Die Darstellung mathematischer Formeln mit ihrer Vielzahl von Symbolen gehört zu den schwierigsten Aufgaben im Bereich der Brailleschrift. Durch das neu entwickelte Onlineportal www.mathinbraille.at haben blinde Menschen jetzt die Möglichkeit, bislang unzugängliche mathematische Inhalte einfach und kostenlos in lesbare Braille- und Sprachformate zu konvertieren.

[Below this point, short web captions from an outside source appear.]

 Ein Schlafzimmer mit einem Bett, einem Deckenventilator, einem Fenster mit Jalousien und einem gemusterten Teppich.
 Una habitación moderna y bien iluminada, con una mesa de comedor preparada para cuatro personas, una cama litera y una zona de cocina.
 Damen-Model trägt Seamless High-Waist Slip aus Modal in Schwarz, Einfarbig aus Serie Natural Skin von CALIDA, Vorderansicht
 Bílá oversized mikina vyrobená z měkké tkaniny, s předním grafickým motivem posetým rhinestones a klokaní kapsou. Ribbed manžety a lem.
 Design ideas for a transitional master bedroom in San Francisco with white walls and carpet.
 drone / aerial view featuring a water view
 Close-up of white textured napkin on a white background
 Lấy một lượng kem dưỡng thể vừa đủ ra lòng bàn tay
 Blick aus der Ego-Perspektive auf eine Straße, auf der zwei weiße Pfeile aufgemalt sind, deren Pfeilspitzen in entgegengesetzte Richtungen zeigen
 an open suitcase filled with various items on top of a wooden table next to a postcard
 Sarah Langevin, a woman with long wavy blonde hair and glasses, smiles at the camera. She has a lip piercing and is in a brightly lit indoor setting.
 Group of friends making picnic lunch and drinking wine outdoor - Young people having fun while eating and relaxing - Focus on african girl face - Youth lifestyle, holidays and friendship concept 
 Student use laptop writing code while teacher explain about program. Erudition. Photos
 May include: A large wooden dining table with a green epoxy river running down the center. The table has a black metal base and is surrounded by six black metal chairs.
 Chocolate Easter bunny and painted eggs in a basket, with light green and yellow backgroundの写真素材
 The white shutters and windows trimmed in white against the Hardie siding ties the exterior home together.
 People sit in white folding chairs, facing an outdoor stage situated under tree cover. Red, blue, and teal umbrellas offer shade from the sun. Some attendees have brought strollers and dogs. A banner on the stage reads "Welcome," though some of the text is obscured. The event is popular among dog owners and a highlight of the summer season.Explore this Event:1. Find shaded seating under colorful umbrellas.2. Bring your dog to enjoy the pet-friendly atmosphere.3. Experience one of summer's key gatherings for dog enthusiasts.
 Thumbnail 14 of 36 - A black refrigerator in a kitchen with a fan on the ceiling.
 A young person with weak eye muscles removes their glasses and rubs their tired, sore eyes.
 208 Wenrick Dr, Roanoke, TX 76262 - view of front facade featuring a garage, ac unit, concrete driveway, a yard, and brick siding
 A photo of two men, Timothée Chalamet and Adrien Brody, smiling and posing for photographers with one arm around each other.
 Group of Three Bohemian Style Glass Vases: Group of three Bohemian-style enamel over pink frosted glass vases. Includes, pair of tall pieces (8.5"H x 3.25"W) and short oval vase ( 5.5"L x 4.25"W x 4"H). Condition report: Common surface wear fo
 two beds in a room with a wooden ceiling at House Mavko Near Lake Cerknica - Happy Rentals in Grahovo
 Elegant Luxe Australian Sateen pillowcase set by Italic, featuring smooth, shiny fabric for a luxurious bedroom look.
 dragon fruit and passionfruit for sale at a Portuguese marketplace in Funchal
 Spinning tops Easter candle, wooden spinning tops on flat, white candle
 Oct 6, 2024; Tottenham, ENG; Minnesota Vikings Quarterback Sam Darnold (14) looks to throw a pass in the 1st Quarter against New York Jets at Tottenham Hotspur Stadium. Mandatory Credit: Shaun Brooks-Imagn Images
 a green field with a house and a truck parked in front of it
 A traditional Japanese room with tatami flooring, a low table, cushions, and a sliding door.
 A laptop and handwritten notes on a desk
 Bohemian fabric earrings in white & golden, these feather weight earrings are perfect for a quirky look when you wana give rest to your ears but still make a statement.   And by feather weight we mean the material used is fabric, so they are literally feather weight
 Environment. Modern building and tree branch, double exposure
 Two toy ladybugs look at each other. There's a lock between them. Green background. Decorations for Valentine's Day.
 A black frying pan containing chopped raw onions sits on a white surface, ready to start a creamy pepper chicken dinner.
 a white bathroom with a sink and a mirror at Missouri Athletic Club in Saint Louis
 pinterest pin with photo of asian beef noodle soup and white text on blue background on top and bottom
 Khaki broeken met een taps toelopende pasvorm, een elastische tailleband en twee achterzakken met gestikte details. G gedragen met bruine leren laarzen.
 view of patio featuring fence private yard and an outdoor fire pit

Weltweit existiert noch immer kein einheitliches Braillesystem für die Darstellung von Mathematik, auch wegen der nationalen Unterschiede zwischen den Brailleschriften in verschiedenen Sprachen. Blinde und sehbehinderte Menschen haben daher große Schwierigkeiten beim Lesen mathematischer Inhalte. Diesem Problem widmete sich das Projekt MathInBraille, das 2010 von der Hilfsgemeinschaft der Blinden und Sehschwachen Österreichs in Kooperation mit dem Institut Integriert Studieren der Johannes Kepler Universität Linz ins Leben gerufen wurde.
„Der Zugang zu Texten in Brailleschrift hat sich in den letzten Jahren entscheidend verbessert. Anders ist die Situation bei mathematischen Formeln, die meist nicht oder nur unzulänglich bereitgestellt werden“, fasst Univ.-Prof. Dr. Klaus Miesenberger die Ausgangssituation zusammen. „Mit MathInBraille haben wir eine einfache, internetbasierte Lösung zur Verfügung gestellt, die bei Bedarf in der Praxis, also im Alltag, in der Schule, an der Universität schnell und einfach anzuwenden ist“, erläutert der Projektleiter das Potenzial des Onlineportals.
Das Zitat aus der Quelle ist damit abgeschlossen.